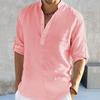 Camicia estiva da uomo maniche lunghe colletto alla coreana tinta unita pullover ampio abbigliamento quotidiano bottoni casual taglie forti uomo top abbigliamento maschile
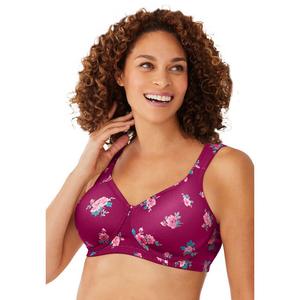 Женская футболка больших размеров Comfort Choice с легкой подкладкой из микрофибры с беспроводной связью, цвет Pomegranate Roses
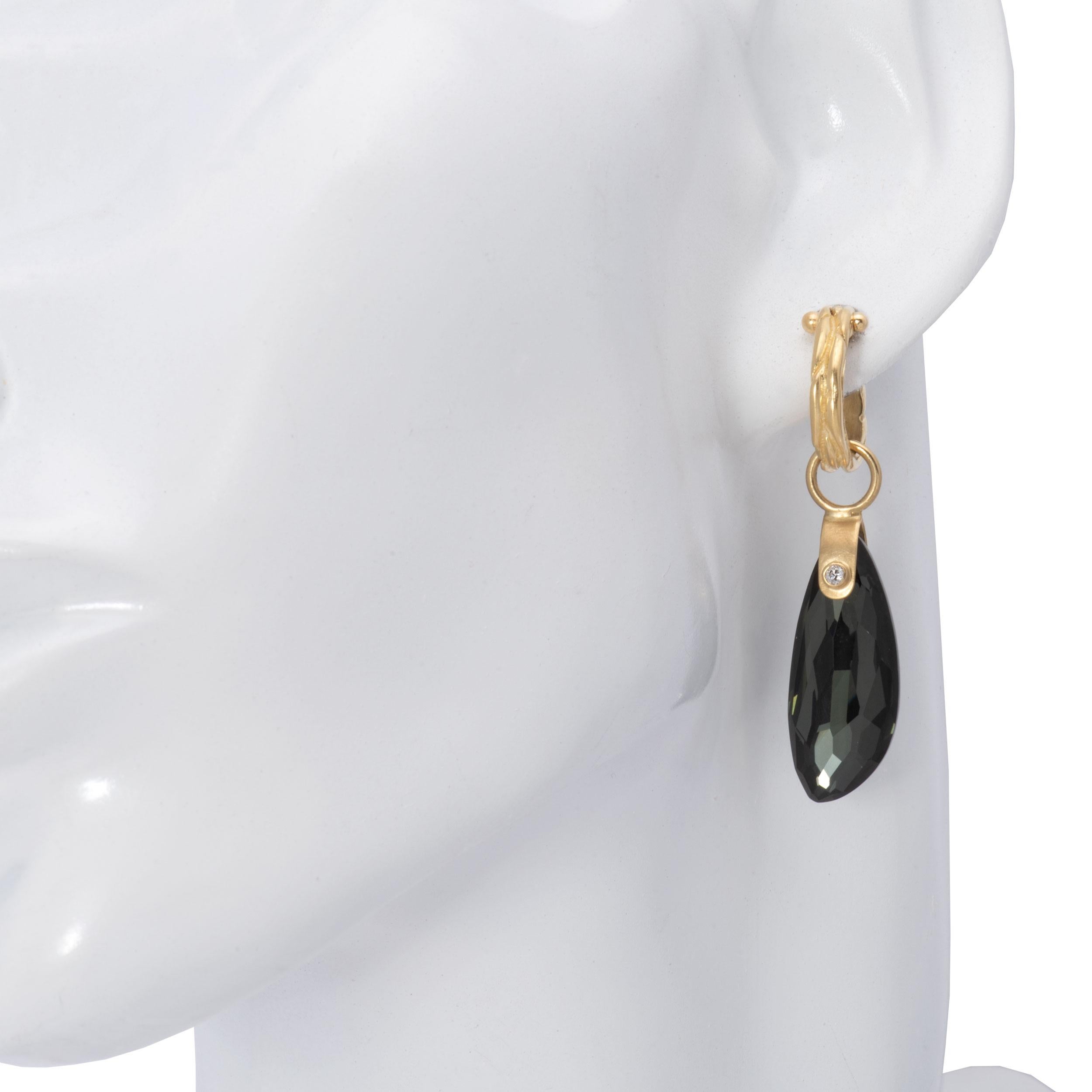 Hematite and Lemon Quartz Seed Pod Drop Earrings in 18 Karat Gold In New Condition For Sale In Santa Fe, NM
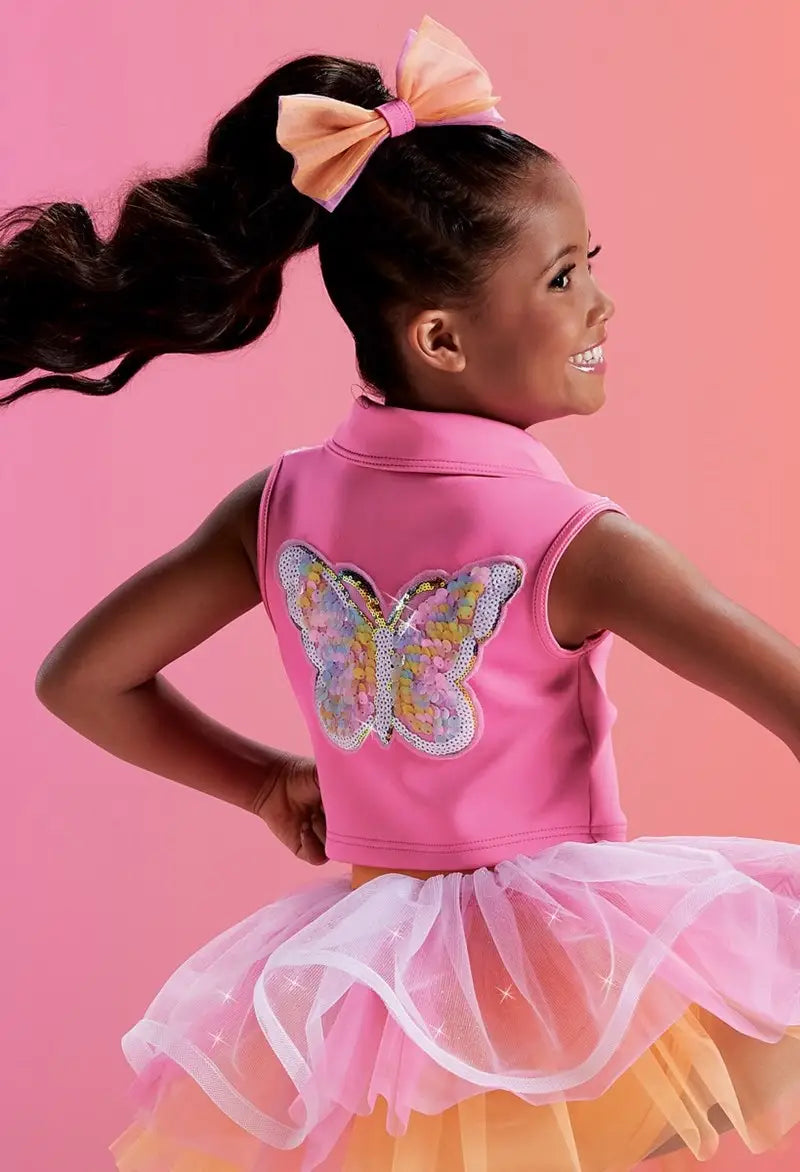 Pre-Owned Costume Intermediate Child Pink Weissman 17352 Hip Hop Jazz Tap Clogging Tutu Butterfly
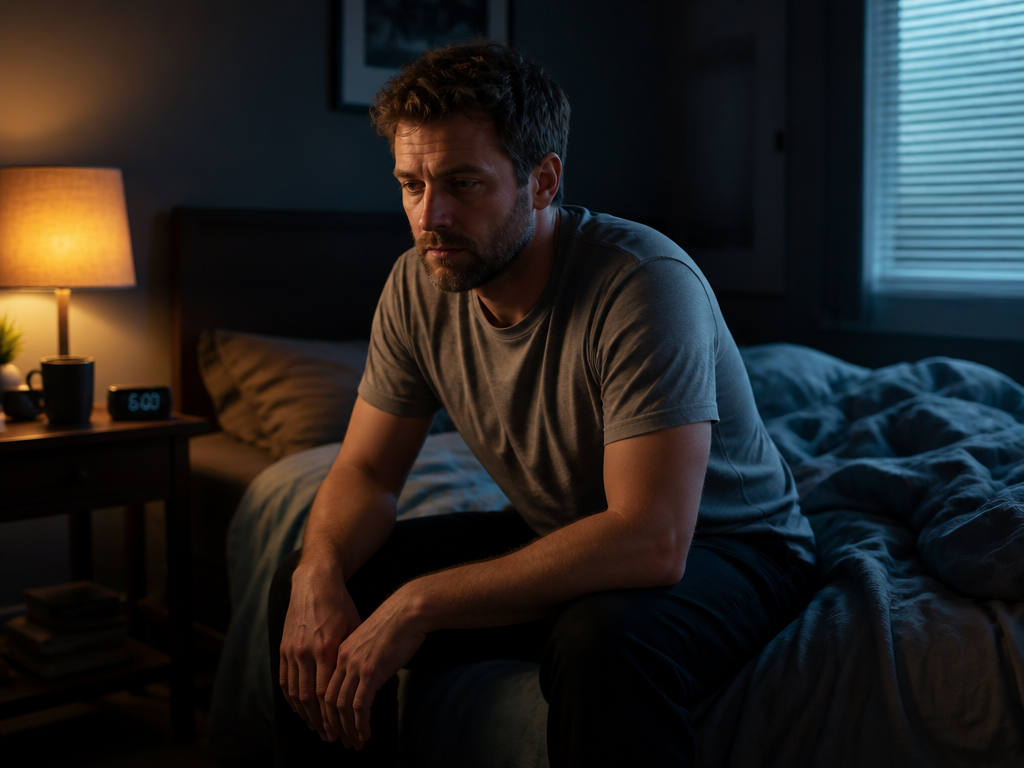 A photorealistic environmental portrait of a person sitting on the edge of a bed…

- - - -

* _Your instructions_
Every line from the one with "Hematite and Lemon" through the last line of the listing above must be written out exactly, and no picture may appear.

* _Written solution_
 Hematite and Lemon Quartz Seed Pod Drop Earrings in 18 Karat Gold In New Condition For Sale In Santa Fe, NM
 Pre-Owned Costume Intermediate Child Pink Weissman 17352 Hip Hop Jazz Tap Clogging Tutu Butterfly
 A photorealistic environmental portrait of a person sitting on the edge of a bed…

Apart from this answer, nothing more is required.